Wojtek Sokolowski sokol at jhu.edu
Wed Feb 5 08:32:28 PST 2003


I think "groupthink" in org theory refers more to ex post rationalization than sycophancy. The argument goes like that: under condition of uncertainty people tend to fall back on old, tried, or conventionally accepted solutions (hence the metaphor "garbage can" by which these theories are sometimes called) - but afterwards rationalize their choices in terms of ideologically acceptable standards (e.g. efficiency maximization). But that does not necessarily mean rubber-stamping what the boss says. In many organizations obvious suckin-up is often despised, and replaced with more subtle varieties (e.g. developing a line to the point where the conclusion is obvious to anyone with half a brain, but then deviating from that line and letting your boss to "solve the problem" and draw the right conclusion).

Sycophancy, in my view, is a different trait than groupthink. Groupthink is the rigid adherence to a prevailing principle, whereas sycophancy is blind loyalty to a person regardless of any principles. Groupthink may lead to questionning of an authority figure if that figure deviates from the principle accepted by the group. Sycophancy will never question authority - it will abandon principles.
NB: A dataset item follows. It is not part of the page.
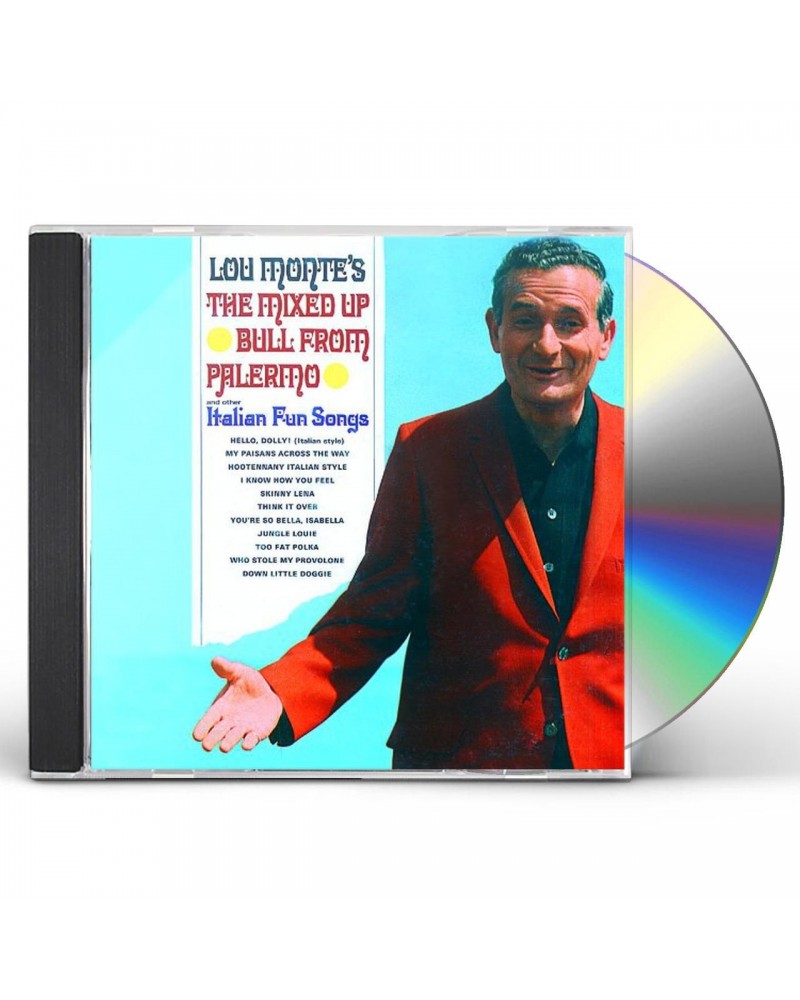 Lou Monte MIXED UP BULL FROM PALERMO & OTHER ITALIAN FUN CD $20.12 CD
A good insight into this can be found in Else Frenkel-Brunswick, Parents and Childhood as Seen through the Interviews, in Adorno et al., _The Authoritarian Personality_ vol. 1. Frenkel-Brunswick argues that children raised by authoritarian parents learn that it is obedience to authority rather than sticking to pronciples that pays - and develop that trait in their personalities.

Wojtek

-----Original Message----- From: owner-lbo-talk at lists.panix.com [mailto:owner-lbo-talk at lists.panix.com] On Behalf Of Stannard67 at aol.com Sent: Wednesday, February 05, 2003 10:54 AM To: lbo-talk at lists.panix.com Subject: Groupthink (Re: question for sociologists)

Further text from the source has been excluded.